As tech companies seek high-end chips to train their AI models, startups are queuing to alleviate the demand from giants like Nvidia.
Nvidia joined the ‘$1 trillion’ club’ in May, its growth fueled by tremendous demand for high-end chips designed for AI, including the A100 and H100.
These chips are used by many of the big players in AI, including Inflection, Microsoft, Meta, and OpenAI, though a handful of companies produce their own chips, including Google.
The current supply of high-end chips simply isn’t meeting demand, leaving a gap in the market for smaller companies such as SambaNova, Graphcore, and Tenstorrent, which have raised over $3bn for their AI hardware in recent years.
Another AI chip manufacturing startup, Cerebras, recently announced a collaboration to build a network of supercomputers for UAE-based tech group G42.

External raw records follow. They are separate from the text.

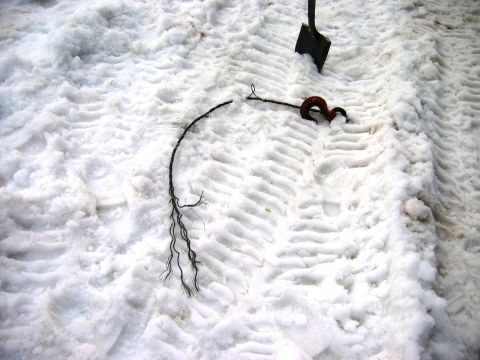 1985 Ford Bronco - Tire tracks are visible in the snow, alongside a shovel and a broken tow strap, suggesting a vehicle may have been stuck.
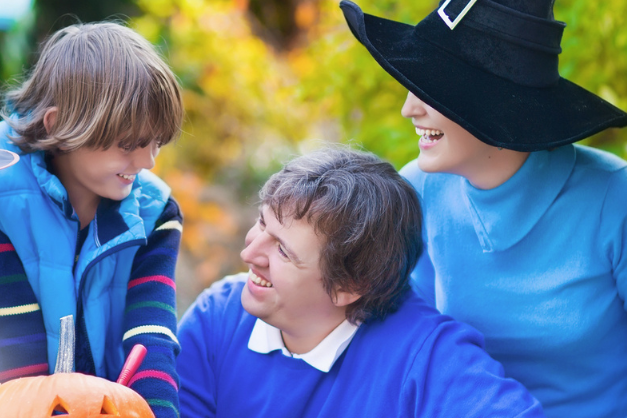Vinson Home Inspections (3) Family enjoying Halloween pumpkin carving outdoors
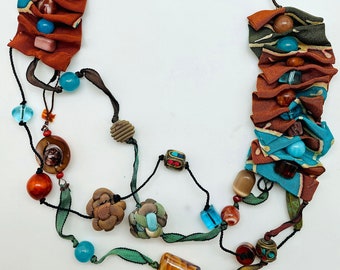 Handmade Adjustable Silk Multi Strand Necklace with Non-Precious Bead Accents and Hand Dyed Yarns, Rust, Aqua and Earth Colors- LRW DESIGNS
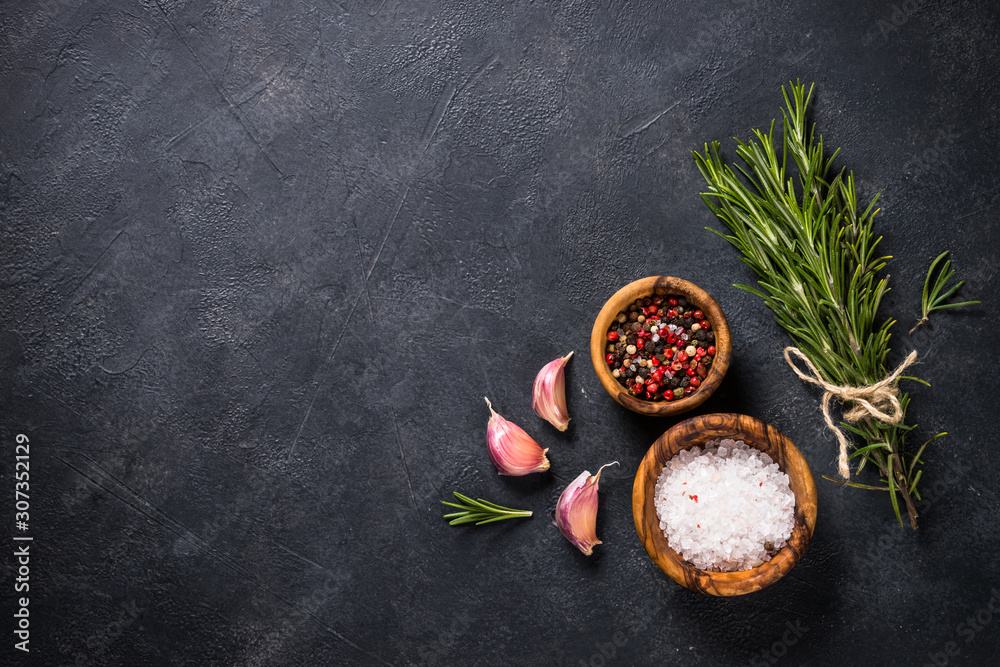 Food cooking background with herbs and spices on black. Stock Photo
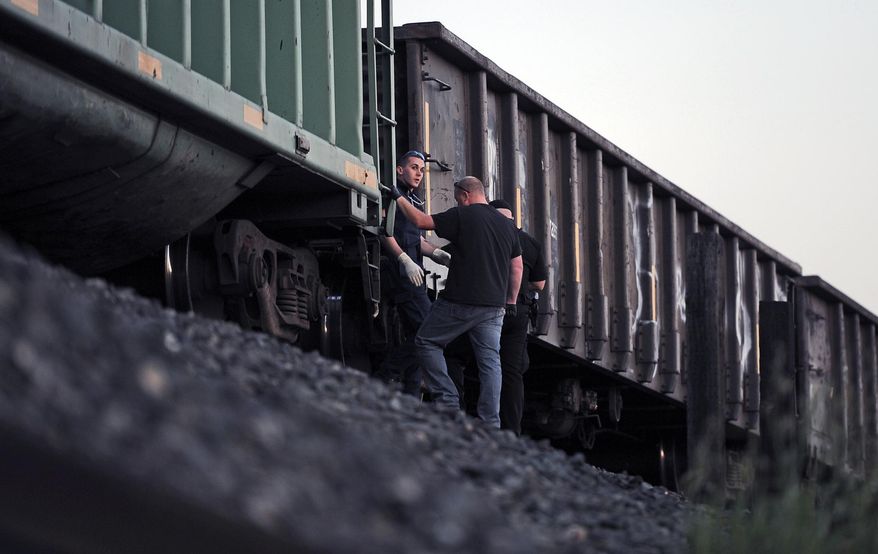 Emergency personnel work at the scene of a train accident where two pedestrians were hit near Earle Yorton Field Friday, March 21, 2014 in Marysville, Calif. (AP Photo/Appeal-Democrat, Chris Kaufman)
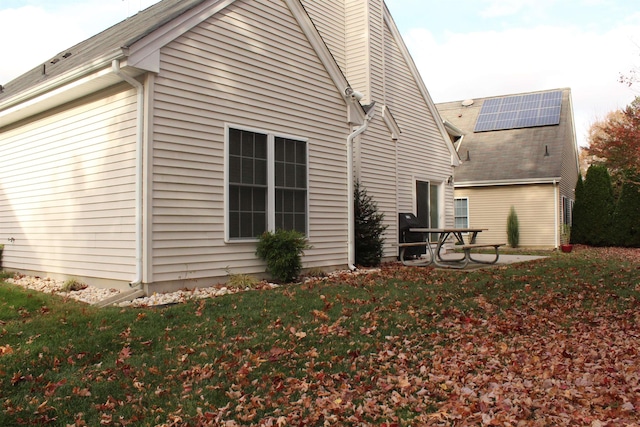 view of home's exterior with solar panels and a patio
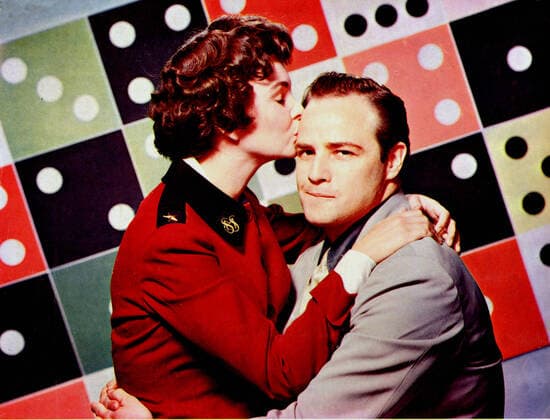 GUYS AND DOLLS JEAN SIMMONS, MARLON BRANDO Date: 1955. Strictly editorial use only in conjunction with the promotion of the film. Credit line mandatory. This image is copyright of the film company and is supplied under the terms of issue as film still. No commercial or book cover use permitted without prior consent from the film company.  Mandatory credit line: Image courtesy SAM GOLDWYTN COMPANY Ronald Grant Archive Mary Evans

Cerebras’ CEO, Andrew Feldman, said of the deal, “AI has an insatiable demand for compute. When you’re David fighting Goliath, you look for cracks… [Nvidia’s] inability to meet demand is just such a crack.”

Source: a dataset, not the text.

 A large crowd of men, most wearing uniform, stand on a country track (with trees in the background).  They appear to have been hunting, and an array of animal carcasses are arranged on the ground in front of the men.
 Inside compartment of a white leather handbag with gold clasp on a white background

Talal Alkaissi, CEO of G42 Cloud, said, “People can’t get the hardware they want, or it’s too expensive. The market is hungry for alternatives.”

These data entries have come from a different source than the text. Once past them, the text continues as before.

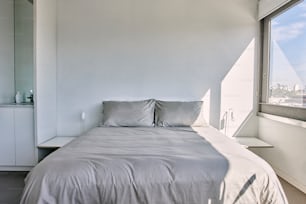 uma cama sentada ao lado de uma janela em um quarto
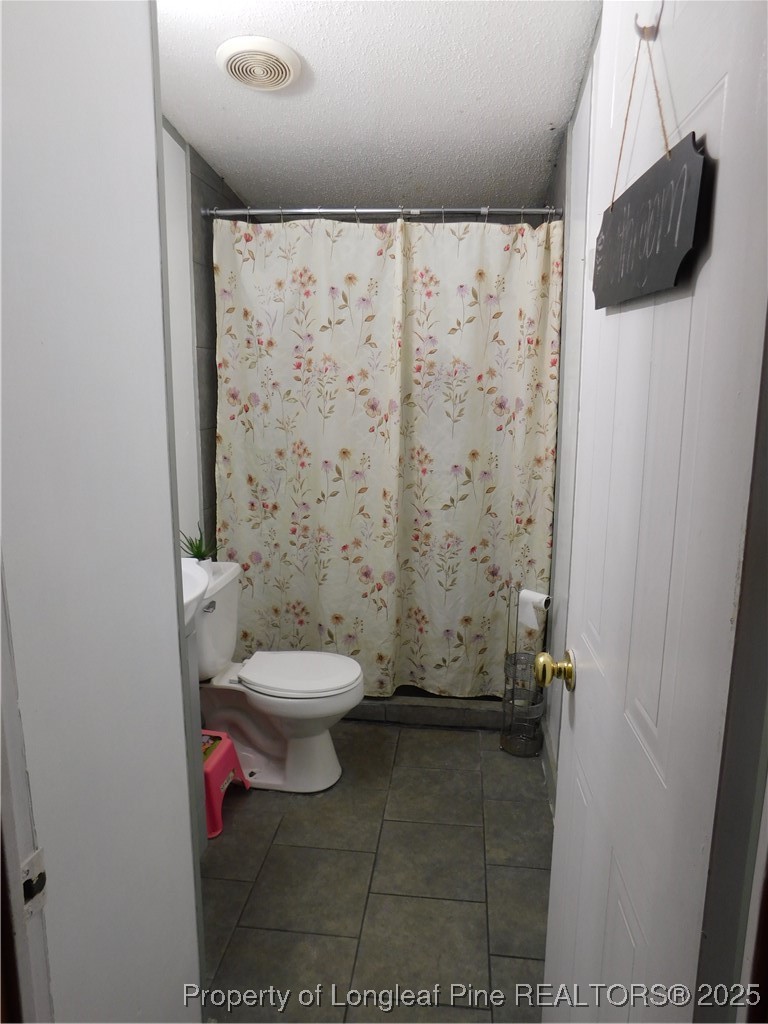 267 Ed Collins Lane Clinton, NC 28328 - Photo 22 of 45 a bathroom with a toilet and a shower curtain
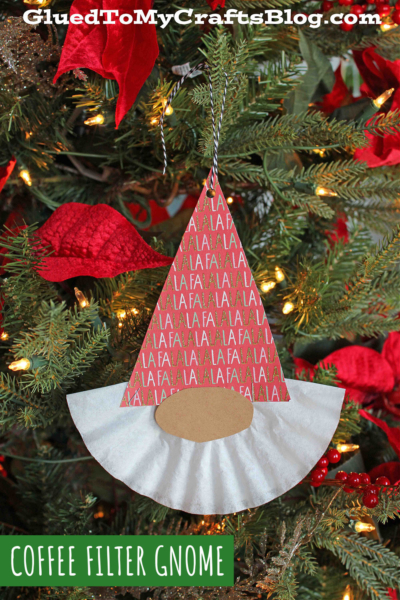 A handmade coffee filter Christmas gnome ornament, featuring a patterned red paper hat, light brown nose, and white coffee filter beard, hangs festively on a Christmas tree adorned with red poinsettias and glowing yellow lights.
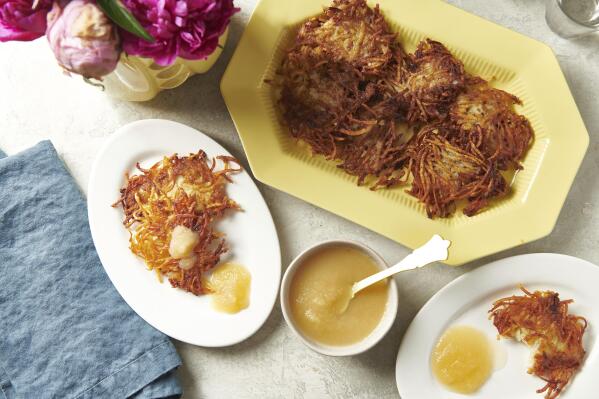 Plates of potato pancakes, or latkes, are displayed in New York in August 2020. Latkes are the food most traditionally associated with Hanukkah. There are all kinds of modern variations using other vegetables and other toppings. (Cheyenne M. Cohen via AP)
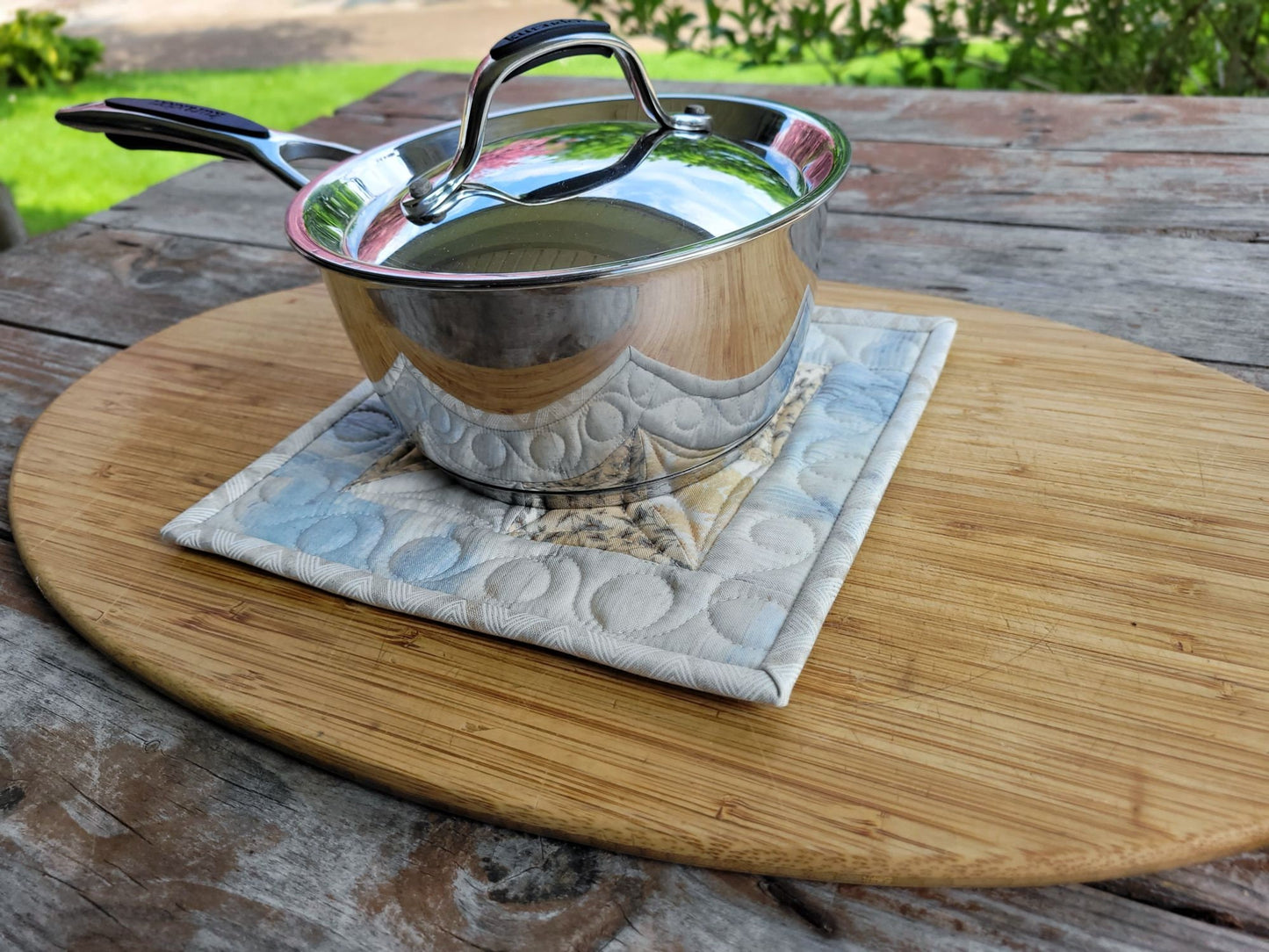 quilted potholder under a small size saucepan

G42 plans to resell excess capacity to other customers via cloud-computing platforms.
Demand for AI chips at record highs
Major tech firms are developing their own semiconductors, such as Amazon Web Services, which launched its custom chip, Trainium, in 2020.
Google Cloud has offered customers Tensor Processing Units (TPUs) for several years and recently developed a high-end chip that rivals Nvidia’s A100 and H100. Elon Musk’s new AI company xAI also intends to use custom chips developed by/in collaboration with Tesla.
In Europe, Axelera AI, based in the Netherlands, is developing AI chips designed for cars, medical devices, and security cameras rather than cloud and data centers, where Nvidia’s chips are in high demand.
Axelera CEO Fabrizio Del Maffeo stated, “I always said since day one it’s crazy to go against a trillion-dollar company with unlimited resources.”
If a company can build high-end chips for AI purposes, the market is undoubtedly there. But that’s a big if, as chips are notoriously complex to develop and manufacture.